Intel's decision to invest in Ireland was announced by CEO Paul Otellini at an investors meeting two weeks ago. The decision was made even as Israel's Ministry of Finance and Ministry of Industry, Trade and Labor were embroiled in a brawl whether to meet Intel's demands for a grant in full. At the same time, Minister of Finance Yuval Steinitz opened a secret channel with Intel executives, for which top Ministry of Industry officials lambasted him.

"We knew nothing about Intel's final decision on this matter. We did not even receive a response from the company about the offer of the inter-ministerial committee, which reviewed Intel's request for a government grant, sent to it a year ago," a top official involved in the matter told "Globes".
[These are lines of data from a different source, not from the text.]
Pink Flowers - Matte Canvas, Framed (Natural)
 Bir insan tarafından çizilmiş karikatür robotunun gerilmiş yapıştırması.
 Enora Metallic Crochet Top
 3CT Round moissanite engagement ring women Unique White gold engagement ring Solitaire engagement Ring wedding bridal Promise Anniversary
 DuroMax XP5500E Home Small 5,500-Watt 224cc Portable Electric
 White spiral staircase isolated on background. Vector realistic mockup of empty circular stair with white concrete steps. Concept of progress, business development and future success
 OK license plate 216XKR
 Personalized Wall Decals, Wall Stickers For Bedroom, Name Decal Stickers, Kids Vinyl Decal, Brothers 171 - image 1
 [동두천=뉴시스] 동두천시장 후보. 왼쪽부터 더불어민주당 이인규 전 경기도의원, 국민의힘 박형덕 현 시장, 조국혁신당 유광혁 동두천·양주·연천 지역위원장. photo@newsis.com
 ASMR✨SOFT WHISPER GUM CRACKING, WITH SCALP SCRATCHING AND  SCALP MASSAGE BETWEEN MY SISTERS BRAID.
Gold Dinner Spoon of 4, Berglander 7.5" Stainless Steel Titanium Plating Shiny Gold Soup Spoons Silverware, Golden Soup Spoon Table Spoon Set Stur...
Last year, Intel opened clarifications on its request for a $600 million government grant, as part of a $4.8 billion investment to upgrade its fab in Kiryat Gat. The Ministry of Industry's Investment Promotion Center, which had previously approved a $200 million grant for an upgrade at the fab, decided to review the company's conduct. Following this review, it told the company that it would get a smaller grant, and with strings attached. The Ministry of Industry offered a NIS 1 billion grant, of which NIS 300 million must be used to expand the fab in Kiryat Gat, and NIS 700 million used to open a new fab in Beit She'an. Intel has not yet delivered its response to the offer, and there have been reports that it will invest billions of dollars in Ireland instead.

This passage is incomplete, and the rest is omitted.